What are the different materials for kitchen sinks?

A sink has to be practical and hard-wearing so choose wisely and do your research when it comes to materials.

Stainless-steel is durable, lightweight, and good value for money, plus coordinates well with a range of taps.

If you are looking for a more design-led solution, consider investing in an engineered composite that is made to be heat and scratch resistant.

If your style is more traditional, how about a ceramic sink?
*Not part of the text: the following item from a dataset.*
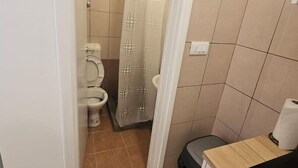 Uma casa de banho pequena com sanita, bidé e cortina de chuveiro.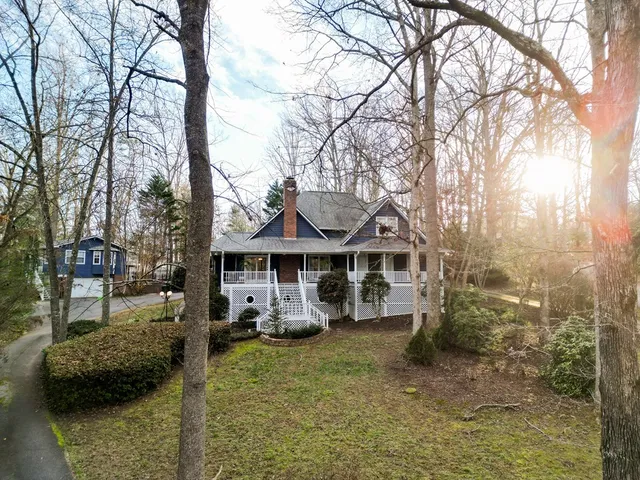 a front view of a house with a tree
The material is easy to clean, plus scratch and stain resistant.

How big should I go?

A double-bowl set-up could be more practical if you don’t have a utility – or why not have two sinks at either end of a run of units, separating handwashing from food preparation and improving the workflow?

Think about what kit you have in your kitchen, down to pan size and number of plates you’ll need to wash up and make sure your chosen sink’s dimensions can accommodate. Get the tape measure out and measure those casserole dishes if you need to.

The Abode Steel Belfast sink in a brushed steel finish, £515, is a modern take on a design classic made from 1.2mm-thick 304-grade brushed stainless steel. It has an Orbit waste with easy empty and a 90mm waste hole for a waste disposal unit, plus a flush-plate overflow.
The Zenun 10 110cm sink from The 1810 Company is ideal for keen chefs, as you can add an array of accessories, including a colander, natural bamboo garnish and chopping boards, a drainer, and drying racks to your design. The sink can be flush mounted or inset with a satin finish and is available in four different sizes. Prices start from £1340 for the 110cm-wide double bowl, with accessories priced between £60 for the small and £240 for the large garnish board.
Blanco’s Etagon sink is available in 11 colours, including Anthracite, Rock Grey, Alu Metallic, Pearl Grey, and the new Concrete. It is made from Silgranit, a heat, acid, and scratch-resistant stone-like material. This sink is available in the standard 500-U size, £634, or with a large bowl (700-U). The shown stainless steel top rails cost an extra £120.

Which design should I go for?

Choose from a wide range of colours and finishes from anthracite, white and matt black to brushed stainless-steel with a rose gold finish, or even patina copper.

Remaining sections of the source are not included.